Buy This $85 Million NYC Penthouse, Get Two Free Tickets Off This Plebeian Planet
May 30, 2019, 3:18 p.m.
It's a great deal, you should go for it!

It's a trap!!!
Hello, are you very rich? Are you looking to set yourself apart from every other Russian oligarch laundering their money through megaluxe penthouses? Do you feel your rooftop-pagoda-slash-personal-spa set up has become passé? Have you grown bored of heckling the sad unwashed plebes from your sprawling wraparound terrace? Do you want more for your billions—more amenities, more exclusivity, more bragging rights, more power? One local realtor has a deal for you: Spend tens of millions of dollars on this condo, and he'll throw in two rocket tickets, on the house. Soon, you'll be looking down on everyone, everything really, from the most exclusive vantage point there is: Outer space.
According to the NY Times, you can purchase the 45th floor of The Atelier, a star-studded tower on 42nd Street near the West Side Highway, for $85 million. No one seems to want to, though—the 25-room unit has been stalled at this list price since 2013—and in order to attract the right buyer, broker Daniel Neiditch has devised a long list of extras. It wouldn't be enough for the next resident to be able to say things like, "Sure, use any of my 13 bathrooms": I mean, this penthouse doesn't even have a dishwasher, so you're going to have to do better than the basics if you want to get the high-high rollers through the door.

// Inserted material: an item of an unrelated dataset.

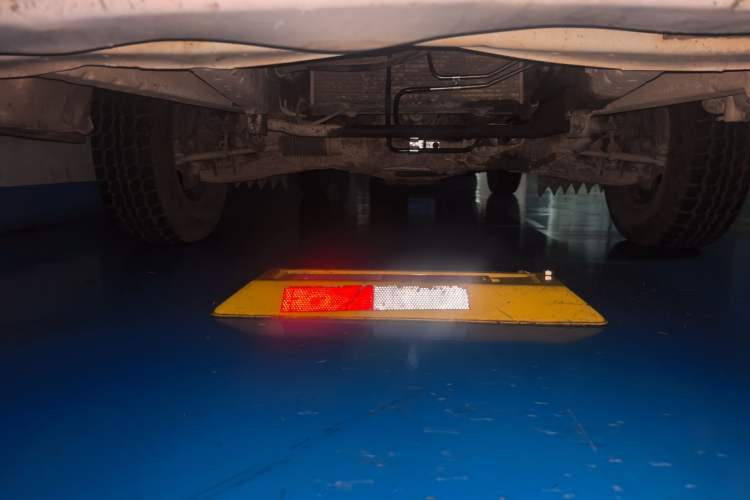 Used Jinbei Hiace 2014 2.0L Fifth-Generation Power King Classic V19 Chassis Front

As such, Neiditch incentivized the sale by throwing in:
• Two (2) humans: A live-in butler and a private chef who will cook for the new owner for a full year
• Three (3) cars: Two Rolls Royce Phantoms and a Lamborghini
• One (1) Hamptons rental mansion, good for one summer
• One (1) yacht, with docking fees covered for five years
• One (1) year of weekly dinners at the Michelin-starred restaurant, Daniel
• One (1) $2,000,000 construction allowance
• Two (2) tickets to space, date TBD
Neiditch told the Times he wants to "give [non-New Yorkers] the basis of a New Yorker's lifestyle"—an interesting interpretation of the concept.
Advertising a NYC apartment with half a dozen ways to get far, far away from NYC is a weird way to go about enticing someone to set up a life here (I guess you've gotta assume they won't). But let us suspend our disbelief and instead crunch some numbers.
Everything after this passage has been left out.